/cascading.work

Cascading.Work provides a simple framework for creating complex Cascading applications that work with data that must be accessed via multiple data format across multiple systems.

Primary LanguageJava

FYI, this is a work in progress (wip) branch, and only works with Cascading wip-1.2.

Welcome

 This is the Cascading.Work module.

 It provides a simple framework for creating complex Cascading applications that work with
 data that must be accessed via multiple data format across multiple systems.

 See the SimpleTest test case for simple usage patterns.

 Cascading is a feature rich API for defining and executing complex,
 scale-free, and fault tolerant data processing workflows on a Hadoop
 cluster. It can be found at the following location:

   http://www.cascading.org/

Building

 This release requires at least Cascading 1.2.x.

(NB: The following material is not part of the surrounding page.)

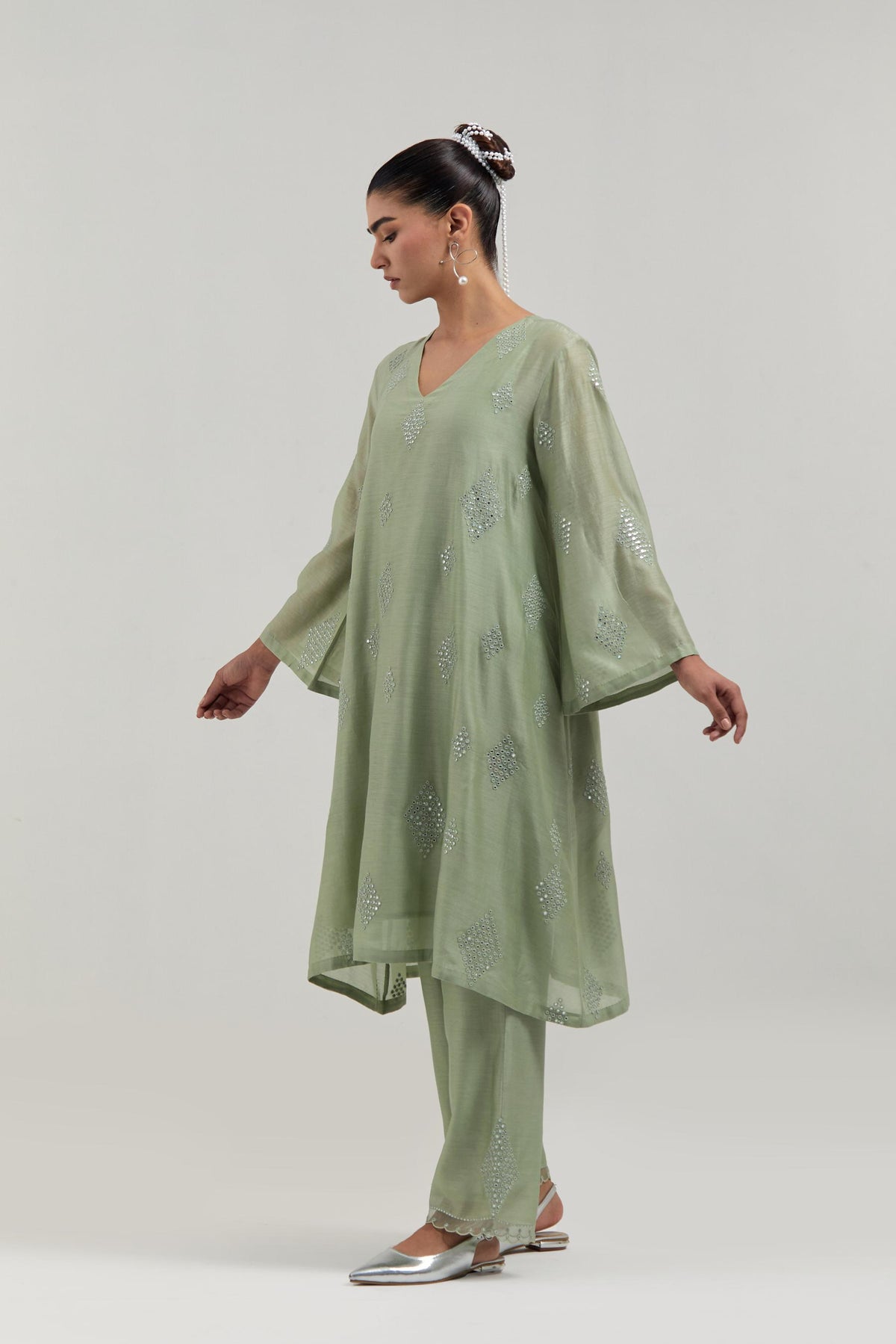 Green Silk Chanderi A-line short kurta set with hand embroidered diamond motifs with delicate mirror and sequins work all-over the kurta.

Hadoop 0.19.x or later,
 and a cluster that supports the memcached text or binary protocols.

 To build a jar,

 > ant -Dcascading.home=... -Dhadoop.home=... jar

 To test (requires a localhost memcached cluster),

 > ant -Dcascading.home=... -Dhadoop.home=... test

where "..." is the install path of each of the dependencies.

Using

  The cascading-work.jar file should be added to the "lib"
  directory of your Hadoop application jar file along with all
  Cascading dependencies.